What you need to do:
The answer is the data repeated in full, with no pictures included.
─── Entries shown
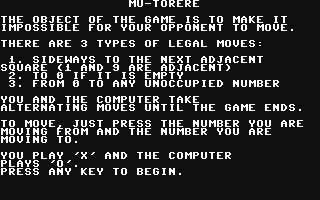 C64 GameBase Mu-Torere Creative_Computing 1984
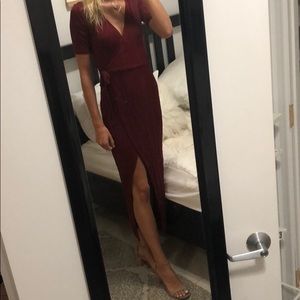 Burgundy red dress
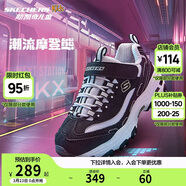 Skechers斯凱奇學(xué)生童鞋熊貓鞋男女童運動(dòng)鞋老爹鞋魔術(shù)貼休閑跑鞋996212L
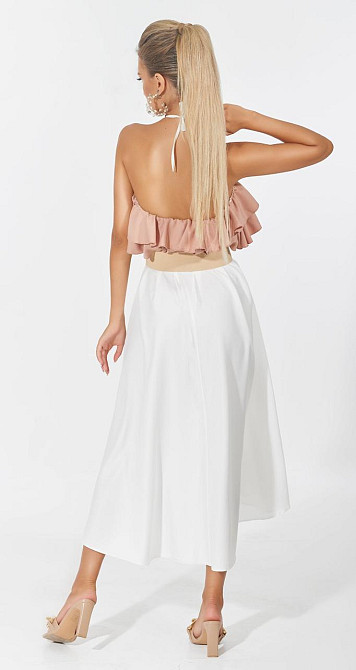 Белый сарафан с оборкой (42-44) Киев - изображение 8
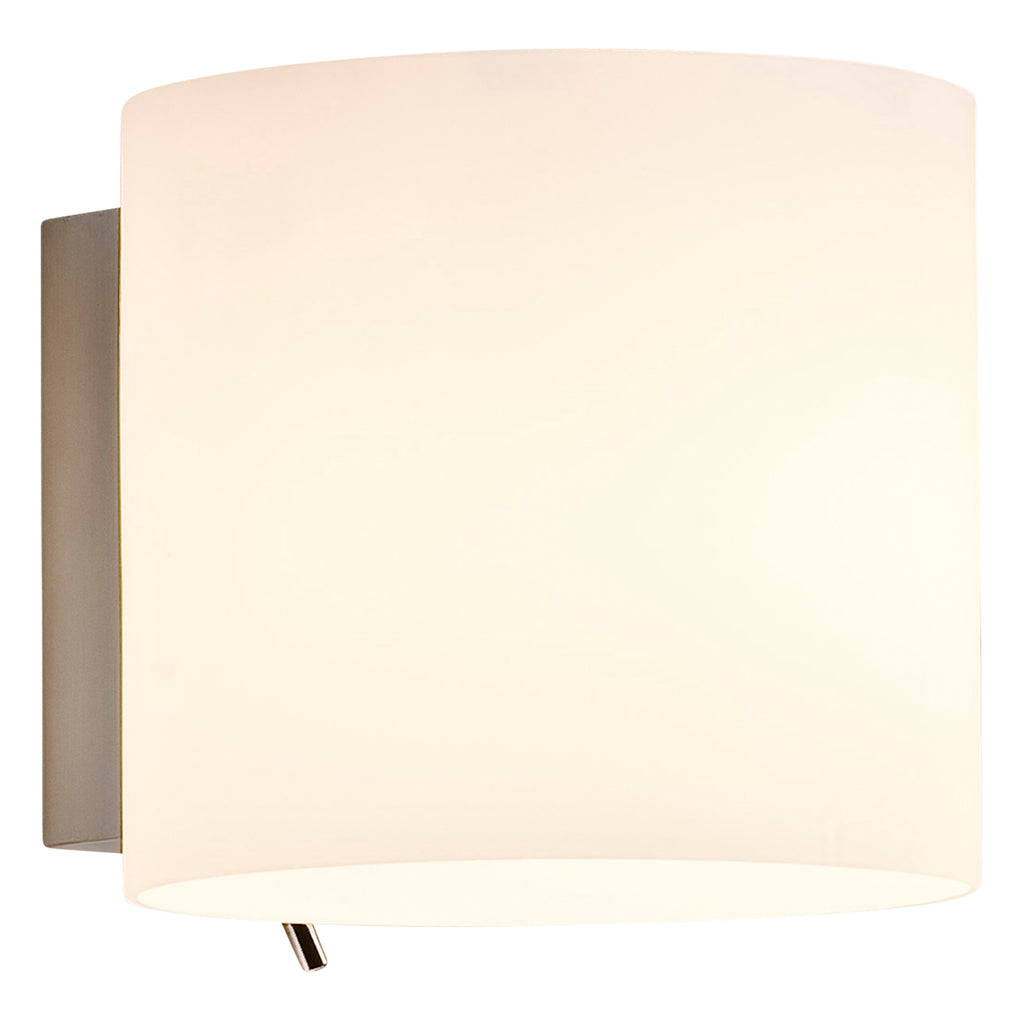 Astro Luga Indoor Wall Light in White Glass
──────
Your solution:
 C64 GameBase Mu-Torere Creative_Computing 1984
 Burgundy red dress
 Skechers斯凱奇學(xué)生童鞋熊貓鞋男女童運動(dòng)鞋老爹鞋魔術(shù)貼休閑跑鞋996212L
 Белый сарафан с оборкой (42-44) Киев - изображение 8
 Astro Luga Indoor Wall Light in White Glass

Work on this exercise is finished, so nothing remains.